_DIRECTIONS_
From the line containing "2010 Toyota Auris Images" to the line containing "Bacadan çıkan simsiyah" in the records below, set down every line exactly as it stands, both ends included, and skip the pictures.

_EXTRACTED RECORDS_
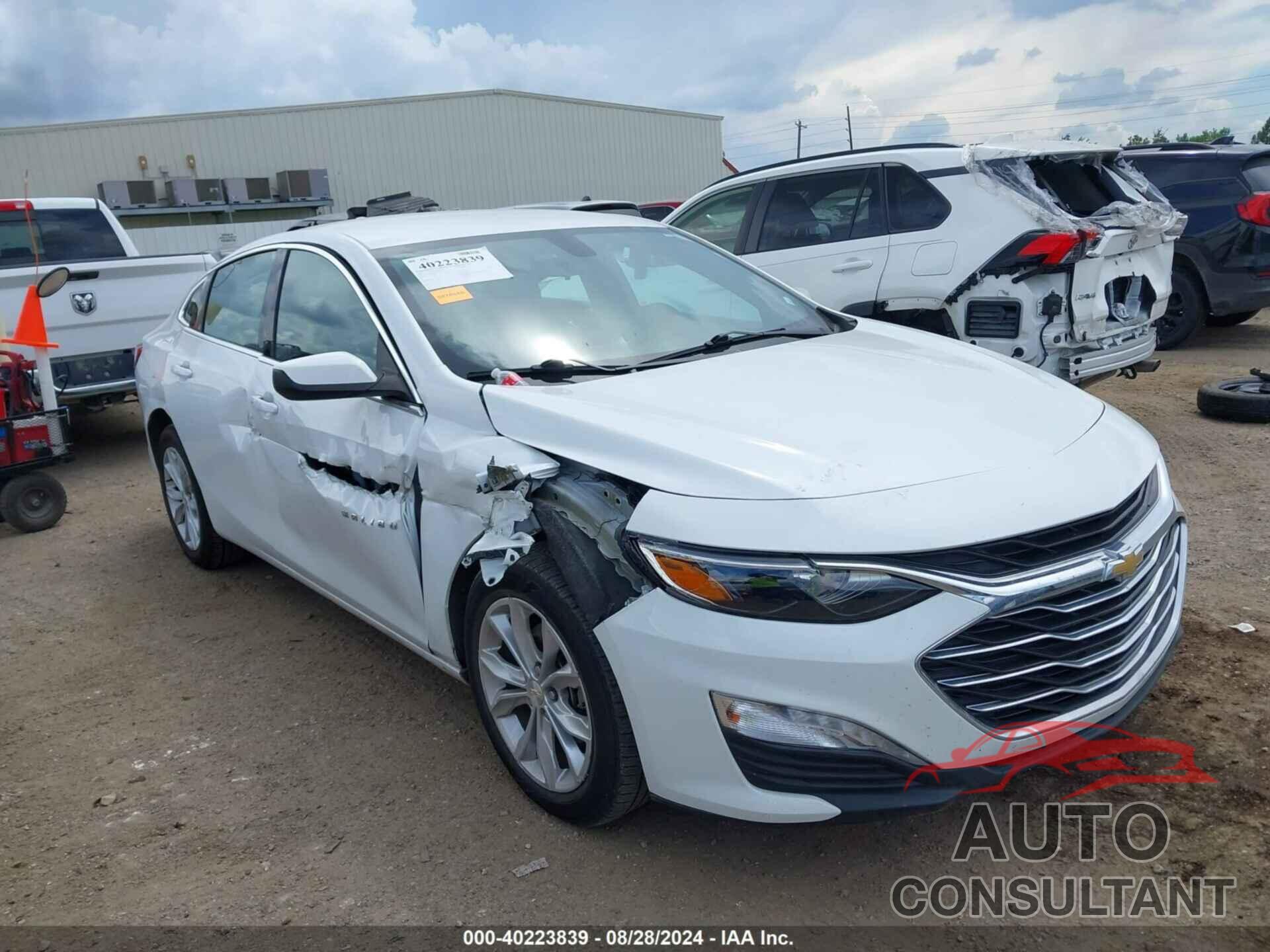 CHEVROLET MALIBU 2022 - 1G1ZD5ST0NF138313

--

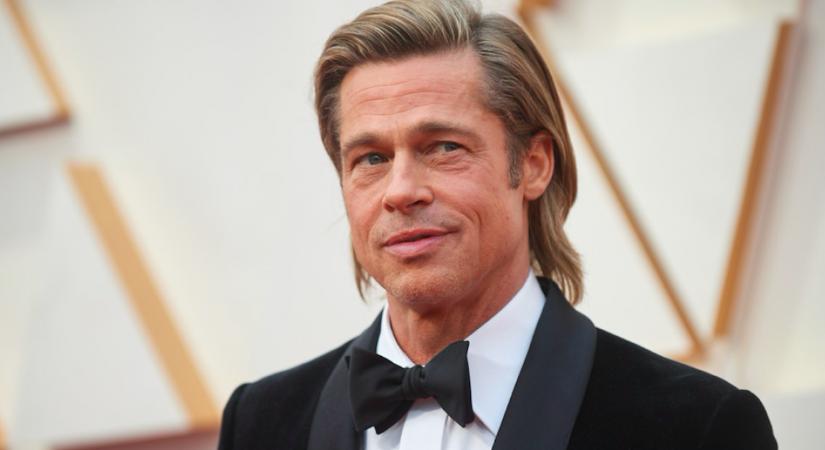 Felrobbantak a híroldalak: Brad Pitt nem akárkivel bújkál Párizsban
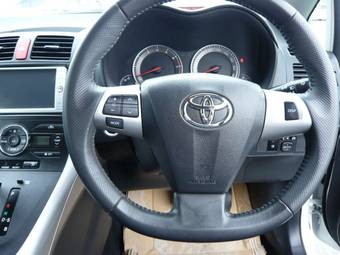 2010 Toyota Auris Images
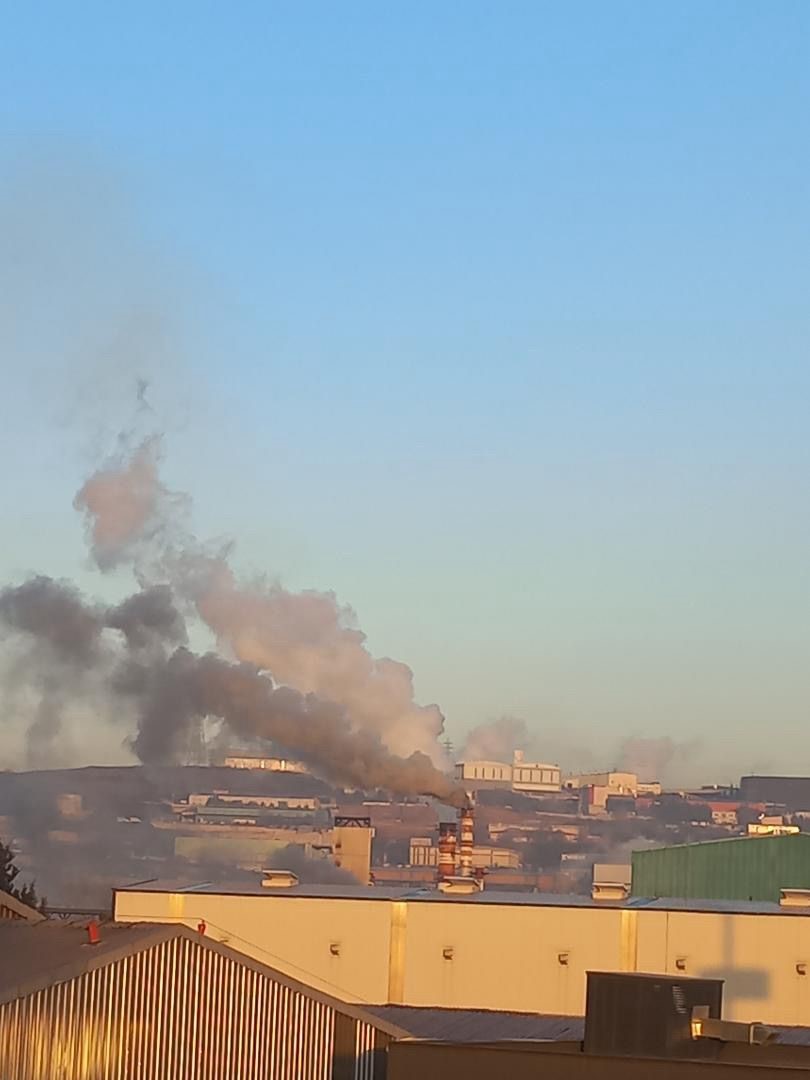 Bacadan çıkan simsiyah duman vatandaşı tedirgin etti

==

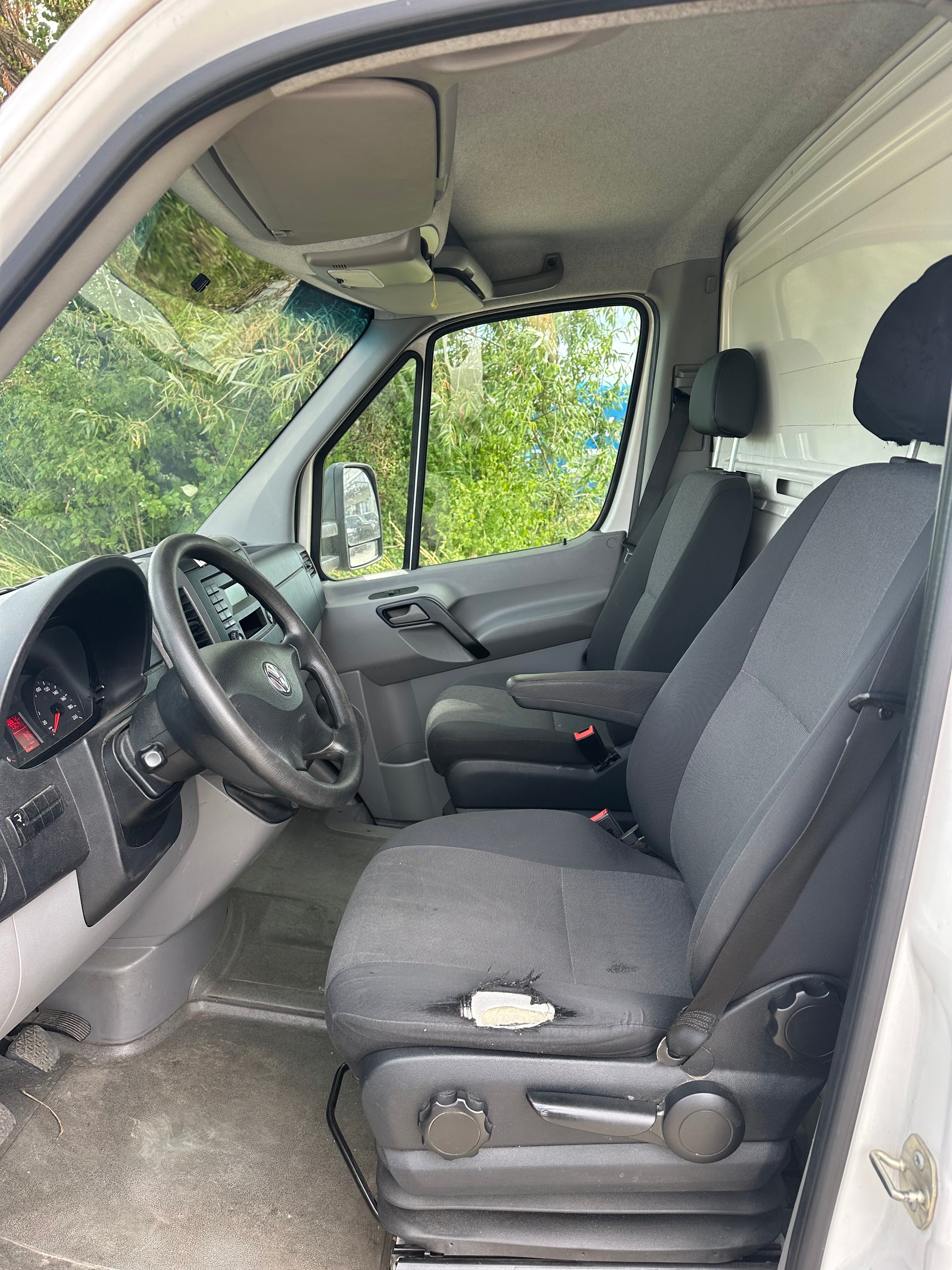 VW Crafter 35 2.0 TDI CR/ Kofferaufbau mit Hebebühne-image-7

_WRITTEN ANSWER_
 2010 Toyota Auris Images
 Bacadan çıkan simsiyah duman vatandaşı tedirgin etti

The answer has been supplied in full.